Conste que no estoy estableciendo una relación causal entre pobreza y control político demócrata o negro. Lo que estoy diciendo es que, si uno quiere adoptar una estrategia para ayudar a la gente pobre, en su lista de objetivos no debe figurar el dejar las ciudades en manos de políticos demócratas y negros. Según Albert Einstein, la insensatez consiste en hacer siempre lo mismo pero esperar que alguna vez los resultados sean diferentes.
La delincuencia es uno de los frutos de la ejecutoria progresista. Los negros son el 13% de la población del país... y más del 50% de las víctimas de asesinato. Alrededor del 95% de las víctimas negras de asesinato tienen por asesino a un negro. La misma pauta se repite en los demás delitos graves.
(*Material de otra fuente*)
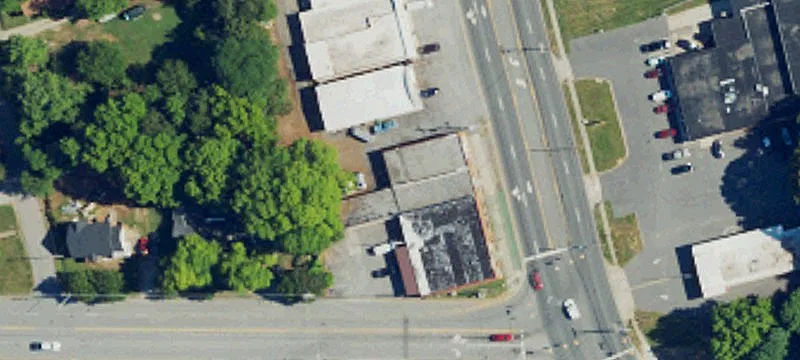 2510 Main St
En la década de los años 60 del siglo pasado los académicos progres y los políticos más vehementes nos decían que para abordar debidamente el problema de la delincuencia había que ir a la raíz: la pobreza y la discriminación. Mi colega Thomas Sowell ha señalado que en 1960 el número de homicidios era inferior al registrado en 1950, 1940 y 1930, a pesar de que la población había aumentado y la Unión contaba con dos estados más. La agenda progre, junto con unos tribunales dedicados a conceder nuevos derechos a los criminales, llevó a que se duplicara la tasa de homicidios y a que se dispararan las de otros delitos violentos.
La delincuencia es una pesadísima carga para los ciudadanos respetuosos con la ley que residen en barriadas negras. Tienen que comprar fuera del barrio, entre otras razones porque los delincuentes han hecho que muchos comercios cierren; el valor de sus viviendas se deprecia constantemente; a veces no pueden siquiera pedir una pizza a domicilio: muchas empresas se niegan a servirles. En esas zonas, los niños no pueden jugar en la calle con un mínimo de seguridad, y por lo mismo los taxistas –incluidos los negros– se niegan a prestar servicio en ellas.
Los políticos que abogan por que imperen la ley y el orden con frecuencia son mal vistos, pero lo cierto es que son los pobres, especialmente los de raza negra, los que más precisan que imperen la ley y el orden. A la hora de hacer frente a un alto nivel de delincuencia, los ricos pueden recurrir a sistemas de alarma y a servicios de seguridad privada; incluso, si la cosa se pone muy fea, pueden optar por cambiar de domicilio. Los pobres no pueden permitirse nada de esto. Su única protección es vivir en una sociedad donde imperen la ley y el orden.
Los políticos demócratas y negros están al servicio de grupos de interés como los sindicatos, no de la gente normal y corriente que va y les vota. Si verdaderamente dependieran de sus votantes, no tolerarían que hubiera barrios asediados por la criminalidad y con pésimas escuelas públicas.
Con esto no quiero decir que los negros deban votar a los republicanos, sino simplemente que el poder político no necesariamente se traduce en una mejora de las condiciones de vida de la ciudadanía.